Настоятель храма «Живоносный Источник» о. Игорь Затолокин смотрит на вещи более трезво, чем его паства: по его мнению, 40 представителей духовенства просто не могли в то время находиться в Ложке и одновременно быть расстрелянными. Имен жертв Ложка вообще никто не знает (хотя тот же о. Игорь делал специальные запросы в ФСБ РФ). «Святой Ключ – это нерукотворный памятник всем безвинно пострадавшим», – считает настоятель, при этом не забывая строить и памятники рукотворные: над источником уже высится Храм в честь Новомучеников Российских с музеем и Поклонным крестом.
Ложок очевидно ожил, констатирует Руей-Уиллоби: можно подумать, что благодаря христианству – буквально воскрес и обрел новую жизнь православной святыни. И это, конечно, должно быть радостно.
Но что-то смутило заграничного исследователя в нашем постсоветском ренессансе. А именно, что этот переход – из ада в рай – случился без видимого покаяния и попытки понять, что же было в Ложке на самом деле. «Все представительницы старшего поколения, с которыми я говорила об источнике, особо подчеркивали тот факт, что выросли в глубоко религиозных семьях, – удивлялась Руей-Уиллоби. – Ни в коей мере не подвергая сомнению достоверность этих утверждений, мне хотелось бы все же заметить, что акцент именно на этом аспекте прошлого позволяет рассказчикам пересмотреть свою самоидентификацию (и самоидентификацию всей страны) в постсоциалистическом контексте. По этой логике получается, что раз среднестатистические граждане советской России продолжали верить в Бога и сохранять приверженность Русской православной церкви, то и весь народ можно считать православным, что бы там ни декларировало государство». Исктимцы, которые со стороны смотрели за страданиями Ложка, не смущаясь, стали соучастниками его прославления. Никто не хочет думать, что в убийстве «40 праведников» он и его семья могли оказаться заодно с убийцами, строящими коммунизм. Все теперь настаивают, что они были «глубоко религиозны» и привержены РПЦ на своем прославленном цементном заводе.
И это не очень напоминает идею христианского воскресения, скорее – манихейские мифы о дуализме добра и зла и людях-перевертышах, которым попасть из ада в рай довольно просто: достаточно сменить вывеску. А потом точно так же – из рая в ад.
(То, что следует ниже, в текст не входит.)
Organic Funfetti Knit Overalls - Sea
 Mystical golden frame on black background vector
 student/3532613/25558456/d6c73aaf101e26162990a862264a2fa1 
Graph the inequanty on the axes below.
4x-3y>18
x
Святые источники, внезапно забившие вдоль всех центральных автомагистралей страны (и снабженные соответствующими указателями), в свете Ложка вызывают тревожное чувство. Мы так уверены, что обрели уже живую воду, что Русь свята каждым своим ручейком!.. Вот и приходится тому же о. Игорю Затолокину, который отлично знает, с чем имеет дело, постоянно напоминать в интервью: «Грехи прощаются не в проруби, а при покаянии» – безо всякой надежды быть по-настоящему услышанным своей паствой, заполучившей новый рай.